Here’s the third in the belabored series on tools that inspire me as a special needs parent to live with joy, courage and compassion, as inspired by the Hindi goddess Durga.
I am not a naturally athletic person. Lest you get the impression from the post’s title that I am one of those people with a vexing bottomless well of physical energy, aptitude or endurance, (though my favorite is Rob Lowe’s Chris Traeger’s character on Parks and Recreation) I must assure you that I am a clutz.
I was a good student in my youth. I felt secure and comfortable in the realm of my mind but completely at a loss when I paid any attention to my body. Growing up I barely completed a season of any sport, most often quitting after the first few lessons or games. My athletic prowess extended to the occasional aerobics class or a night out at the bowling alley every decade or so. I learned to swim and ride a bike years after friends my age did. Oh, I did play softball one season, though it ended with a broken nose and the assistant coach sarcastically yelling, “Look what I got!” on the single occasion I managed to catch a ball during a game.
In my late 20’s I accidentally cultivated a slow-jog habit. I say accidentally because I really can’t otherwise explain how I found myself pulling on my sneakers and jogging while trying to hold steady a very skippy portable CD player during many of the summers of the late 90s. The object was to simply move my body, not push myself too hard – which I was very good at.
Once parenthood hit though, the sheer physical exhaustion and a sleep-deprivation induced fogginess punted that shaky practice right out the window. Finding time to exercise meant getting up early. Sleep was what my body needed there was no way I’d miss a minute of it. Besides, I hardly had enough time or energy to go to the bathroom; why would I squander precious energy on running a loop around my neighborhood when I needed it to unload the dishwasher?
At some point in the last few years though, the sneakers found their way out of the closet and I am just as surprised as you are to find out that I have a pretty decent jogging habit again. I’ve even done a few 5ks in the last year or so, run through the last two winters and I’ve probably doubled my speed – I can run much faster now that I’ve upgraded to an iPod.

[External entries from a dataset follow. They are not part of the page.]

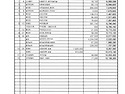 2025년1월 자금(입금,출금)세부내역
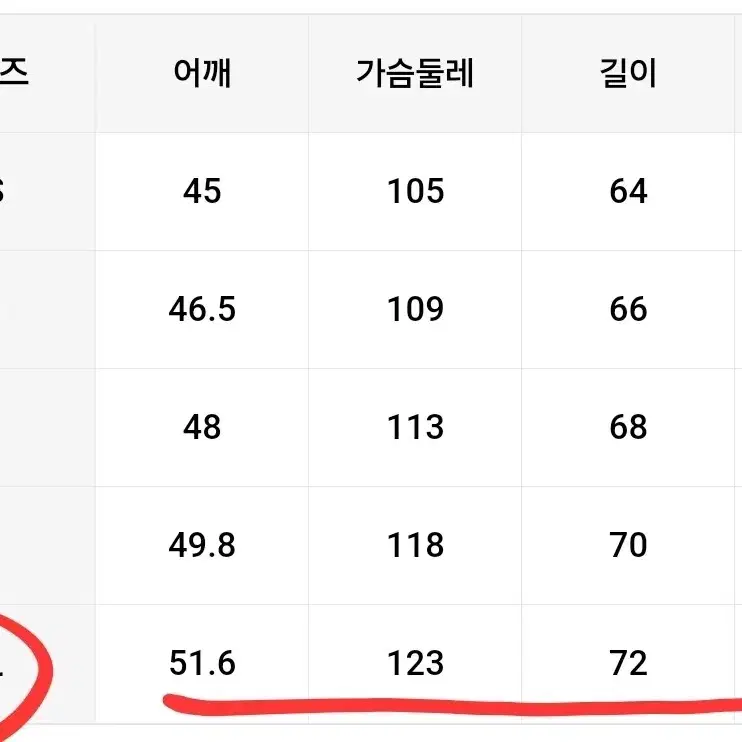 (봄맞이!!) 이쁜 컬러 남성 패션 데님 자켓 100~105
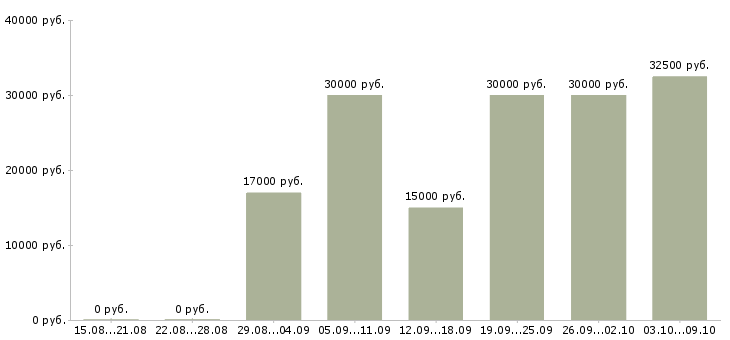 Вакансии менеджер на холодные звонки в Воронеже - Медиана зарплат менеджер на холодные звонки в Воронеже за 2 месяца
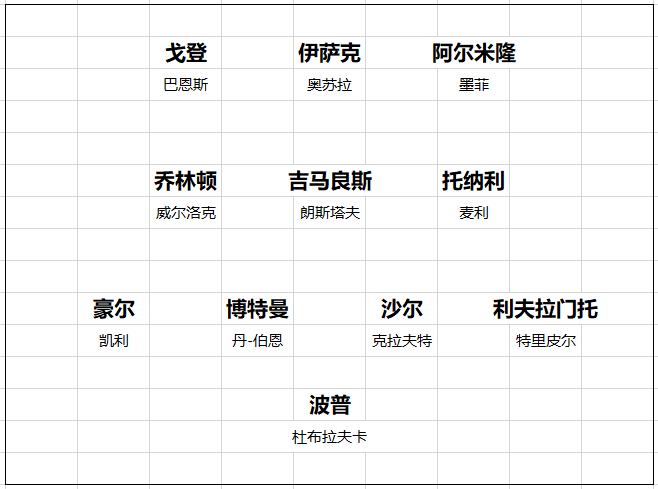 英超20队转会开局总结 黑马一黑到底 切尔西打游戏 曼联信错一人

What has come as a surprise is the pleasure not rekindling the slow jog ability, but of pushing my body really hard. As I crank up the volume of that perfect heart-thumping track, I’m almost always able to run faster and farther than I believed possible, and with that success comes the insight I am quite possibly mentally and emotionally stronger than I believe. I push myself by choice out on that sidewalk so that when I’m faced with a surprise obstacle in my everyday life, I already have experience of ignoring the voice in my head that tells me, “You have to stop, you can’t do this.” I don’t know how it’s possible that this is the same voice, but it is.
Another gratifying by-product of voluntary exhaustion is the way it can simply shut off my incessant mental chatter and calm my anxiety. Though my mind continually seeks out things to obsess about as long as it’s awake, it does take a little break in the hours after a good, hard workout. I have worked through and integrated some experiences more effectively by simply moving my body than I ever could by thinking about them. Sometimes the body knows how to handle that which the heart and mind simply cannot process. It took an apparently smart girl a surprisingly long time to learn that.
I don’t need to be a jock. I’ll always have my curves and my clumsiness. But I do have a new appreciation for my body’s wisdom, its value and its strength. And now when life throws me a curveball, I might just be able to catch it without breaking something.